Proteome of Stored RBC Membrane and Vesicles from Heterozygous Beta Thalassemia Donors.

Int J Mol Sci 2021 Mar 25;22(7). Epub 2021 Mar 25.

Department of Biology, School of Science, National and Kapodistrian University of Athens (NKUA), 15784 Athens, Greece.

Genetic characteristics of blood donors may impact the storability of blood products. Despite higher basal stress, red blood cells (RBCs) from eligible donors that are heterozygous for beta-thalassemia traits (βThal) possess a differential nitrogen-related metabolism, and cope better with storage stress compared to the control. Nevertheless, not much is known about how storage impacts the proteome of membrane and extracellular vesicles (EVs) in βThal.

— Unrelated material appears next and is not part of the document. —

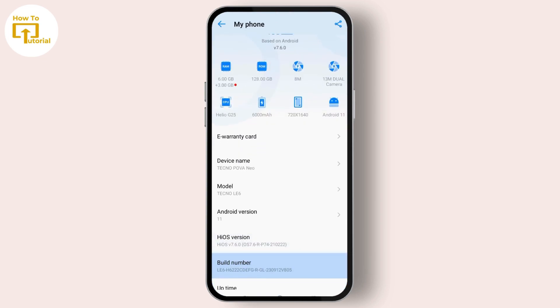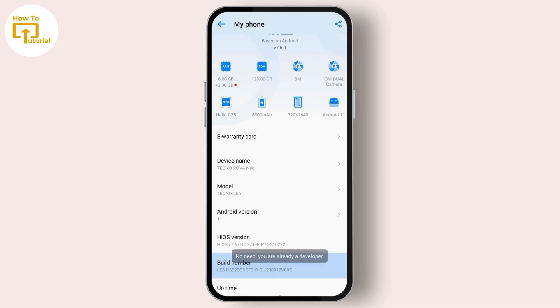What you have to do is simply tap on that option seven times. And after that, this is it and you will become a developer.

For this purpose, RBC units from twelve βThal donors were studied through proteomics, immunoblotting, electron microscopy, and functional ELISA assays, versus units from sex- and aged-matched controls. βThal RBCs exhibited less irreversible shape modifications. Their membrane proteome was characterized by different levels of structural, lipid raft, transport, chaperoning, redox, and enzyme components. The most prominent findings include the upregulation of myosin proteoforms, arginase-1, heat shock proteins, and protein kinases, but the downregulation of nitrogen-related transporters. The unique membrane proteome was also mirrored, in part, to that of βThal EVs. Network analysis revealed interesting connections of membrane vesiculation with storage and stress hemolysis, along with proteome control modulators of the RBC membrane. Our findings, which are in line with the mild but consistent oxidative stress these cells experience in vivo, provide insight into the physiology and aging of stored βThal RBCs.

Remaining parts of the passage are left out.